EXERCISE
In the material below, find the line with "House of 1,510" and the line with "535 33rd Avenue NE Naples FL 34120", then output those two lines and every line between them, exactly.

AVAILABLE DATA
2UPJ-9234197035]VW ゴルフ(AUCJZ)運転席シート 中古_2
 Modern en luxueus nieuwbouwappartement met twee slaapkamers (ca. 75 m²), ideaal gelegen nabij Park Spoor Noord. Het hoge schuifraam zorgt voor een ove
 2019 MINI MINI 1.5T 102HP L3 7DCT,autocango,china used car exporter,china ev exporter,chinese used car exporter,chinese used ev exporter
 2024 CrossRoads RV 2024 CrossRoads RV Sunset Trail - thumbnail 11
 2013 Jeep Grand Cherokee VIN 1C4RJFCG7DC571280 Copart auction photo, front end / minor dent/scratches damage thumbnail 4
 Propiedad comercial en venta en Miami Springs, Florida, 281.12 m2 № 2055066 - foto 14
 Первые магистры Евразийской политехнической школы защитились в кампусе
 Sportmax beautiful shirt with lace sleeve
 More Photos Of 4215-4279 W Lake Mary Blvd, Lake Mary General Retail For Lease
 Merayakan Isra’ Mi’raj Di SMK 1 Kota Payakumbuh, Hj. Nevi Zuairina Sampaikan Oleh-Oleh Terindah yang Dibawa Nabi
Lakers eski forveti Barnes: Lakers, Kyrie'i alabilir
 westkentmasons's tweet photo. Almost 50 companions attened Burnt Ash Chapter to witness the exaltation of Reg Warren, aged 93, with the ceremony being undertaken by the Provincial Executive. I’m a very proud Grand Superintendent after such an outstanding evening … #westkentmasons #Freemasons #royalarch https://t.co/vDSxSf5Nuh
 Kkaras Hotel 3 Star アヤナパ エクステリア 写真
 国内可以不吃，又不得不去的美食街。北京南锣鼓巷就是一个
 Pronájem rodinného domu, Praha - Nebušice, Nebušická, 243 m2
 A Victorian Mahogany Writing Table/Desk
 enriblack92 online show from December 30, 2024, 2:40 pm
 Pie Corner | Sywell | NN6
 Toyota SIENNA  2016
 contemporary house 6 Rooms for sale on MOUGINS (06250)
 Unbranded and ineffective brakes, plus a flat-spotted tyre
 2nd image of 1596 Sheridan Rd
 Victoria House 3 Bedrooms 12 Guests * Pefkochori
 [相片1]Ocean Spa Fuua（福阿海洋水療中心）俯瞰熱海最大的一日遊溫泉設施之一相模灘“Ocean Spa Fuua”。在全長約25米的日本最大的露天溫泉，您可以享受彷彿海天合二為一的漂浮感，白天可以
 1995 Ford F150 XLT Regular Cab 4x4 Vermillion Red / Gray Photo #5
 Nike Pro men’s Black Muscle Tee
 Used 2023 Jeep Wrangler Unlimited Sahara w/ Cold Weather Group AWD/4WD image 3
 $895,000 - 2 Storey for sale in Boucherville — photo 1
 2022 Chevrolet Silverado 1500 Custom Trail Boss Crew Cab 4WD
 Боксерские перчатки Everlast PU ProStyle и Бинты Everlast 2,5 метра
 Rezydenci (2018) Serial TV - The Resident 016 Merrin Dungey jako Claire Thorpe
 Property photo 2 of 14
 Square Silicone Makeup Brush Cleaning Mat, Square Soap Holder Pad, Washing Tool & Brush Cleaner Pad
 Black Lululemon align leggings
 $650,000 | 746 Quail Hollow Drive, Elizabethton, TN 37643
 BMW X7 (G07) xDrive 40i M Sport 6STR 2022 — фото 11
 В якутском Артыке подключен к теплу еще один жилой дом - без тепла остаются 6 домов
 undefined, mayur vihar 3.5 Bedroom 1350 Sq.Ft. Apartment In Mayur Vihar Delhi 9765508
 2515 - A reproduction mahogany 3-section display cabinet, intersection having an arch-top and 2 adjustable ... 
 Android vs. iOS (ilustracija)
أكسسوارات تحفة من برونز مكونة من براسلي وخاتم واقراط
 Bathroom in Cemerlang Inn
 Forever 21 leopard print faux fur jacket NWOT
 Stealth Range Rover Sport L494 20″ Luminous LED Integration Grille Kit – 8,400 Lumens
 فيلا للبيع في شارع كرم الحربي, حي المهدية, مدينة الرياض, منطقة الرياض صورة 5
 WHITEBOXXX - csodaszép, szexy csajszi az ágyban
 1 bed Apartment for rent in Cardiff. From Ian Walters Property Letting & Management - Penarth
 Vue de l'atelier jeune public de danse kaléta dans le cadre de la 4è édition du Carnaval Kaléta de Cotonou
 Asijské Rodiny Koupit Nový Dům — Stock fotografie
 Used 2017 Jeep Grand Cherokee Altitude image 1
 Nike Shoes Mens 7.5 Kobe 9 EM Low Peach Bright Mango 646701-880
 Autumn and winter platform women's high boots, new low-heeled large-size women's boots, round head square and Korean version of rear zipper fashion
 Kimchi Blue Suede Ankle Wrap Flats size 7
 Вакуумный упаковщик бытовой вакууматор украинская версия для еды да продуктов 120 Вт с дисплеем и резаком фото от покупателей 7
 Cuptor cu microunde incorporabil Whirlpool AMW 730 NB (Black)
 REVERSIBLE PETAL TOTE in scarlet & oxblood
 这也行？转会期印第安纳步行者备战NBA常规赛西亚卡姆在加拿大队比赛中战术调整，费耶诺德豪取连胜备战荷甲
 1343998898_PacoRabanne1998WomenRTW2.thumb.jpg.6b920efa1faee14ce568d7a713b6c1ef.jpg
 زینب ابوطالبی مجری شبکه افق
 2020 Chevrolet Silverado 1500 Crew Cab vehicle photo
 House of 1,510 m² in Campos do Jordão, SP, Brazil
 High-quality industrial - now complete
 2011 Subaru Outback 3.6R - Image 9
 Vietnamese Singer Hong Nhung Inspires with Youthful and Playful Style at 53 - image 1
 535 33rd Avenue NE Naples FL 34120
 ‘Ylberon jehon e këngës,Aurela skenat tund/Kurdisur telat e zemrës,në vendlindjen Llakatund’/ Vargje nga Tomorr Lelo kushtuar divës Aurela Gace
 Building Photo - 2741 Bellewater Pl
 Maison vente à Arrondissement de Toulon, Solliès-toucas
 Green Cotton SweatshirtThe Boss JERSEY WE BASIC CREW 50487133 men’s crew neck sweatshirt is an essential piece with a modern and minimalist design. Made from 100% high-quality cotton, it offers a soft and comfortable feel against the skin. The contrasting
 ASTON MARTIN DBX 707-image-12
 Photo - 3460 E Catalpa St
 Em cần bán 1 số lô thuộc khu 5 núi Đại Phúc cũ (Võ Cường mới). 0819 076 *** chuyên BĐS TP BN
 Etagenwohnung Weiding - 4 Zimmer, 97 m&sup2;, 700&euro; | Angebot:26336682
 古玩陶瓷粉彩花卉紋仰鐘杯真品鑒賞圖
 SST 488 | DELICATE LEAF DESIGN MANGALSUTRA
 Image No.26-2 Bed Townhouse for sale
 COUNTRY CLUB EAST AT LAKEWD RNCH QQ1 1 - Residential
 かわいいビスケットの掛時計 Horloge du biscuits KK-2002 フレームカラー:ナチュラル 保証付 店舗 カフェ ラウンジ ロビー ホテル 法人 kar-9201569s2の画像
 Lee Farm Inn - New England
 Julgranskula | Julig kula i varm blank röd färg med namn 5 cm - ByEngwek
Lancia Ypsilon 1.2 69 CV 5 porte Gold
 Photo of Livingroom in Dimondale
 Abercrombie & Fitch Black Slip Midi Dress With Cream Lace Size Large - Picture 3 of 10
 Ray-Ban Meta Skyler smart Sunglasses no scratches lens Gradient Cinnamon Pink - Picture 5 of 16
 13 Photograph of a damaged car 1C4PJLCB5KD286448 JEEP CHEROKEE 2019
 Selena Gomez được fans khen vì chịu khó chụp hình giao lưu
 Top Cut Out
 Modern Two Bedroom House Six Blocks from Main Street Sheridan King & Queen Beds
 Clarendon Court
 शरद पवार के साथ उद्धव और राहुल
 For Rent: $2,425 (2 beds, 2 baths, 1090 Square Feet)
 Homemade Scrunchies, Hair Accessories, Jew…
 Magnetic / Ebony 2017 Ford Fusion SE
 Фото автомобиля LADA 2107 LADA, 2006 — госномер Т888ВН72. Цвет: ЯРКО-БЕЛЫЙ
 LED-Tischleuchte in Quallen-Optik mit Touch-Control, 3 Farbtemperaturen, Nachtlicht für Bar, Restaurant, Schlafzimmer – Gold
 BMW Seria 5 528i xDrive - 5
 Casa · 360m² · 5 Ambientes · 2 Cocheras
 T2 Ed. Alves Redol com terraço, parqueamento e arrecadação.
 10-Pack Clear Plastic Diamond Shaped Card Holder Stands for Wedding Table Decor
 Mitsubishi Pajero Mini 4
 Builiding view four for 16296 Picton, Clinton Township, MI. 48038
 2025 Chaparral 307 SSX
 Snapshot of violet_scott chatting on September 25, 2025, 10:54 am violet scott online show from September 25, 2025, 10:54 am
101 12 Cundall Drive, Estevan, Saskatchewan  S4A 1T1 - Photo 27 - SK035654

YOUR RESPONSE
 House of 1,510 m² in Campos do Jordão, SP, Brazil
 High-quality industrial - now complete
 2011 Subaru Outback 3.6R - Image 9
 Vietnamese Singer Hong Nhung Inspires with Youthful and Playful Style at 53 - image 1
 535 33rd Avenue NE Naples FL 34120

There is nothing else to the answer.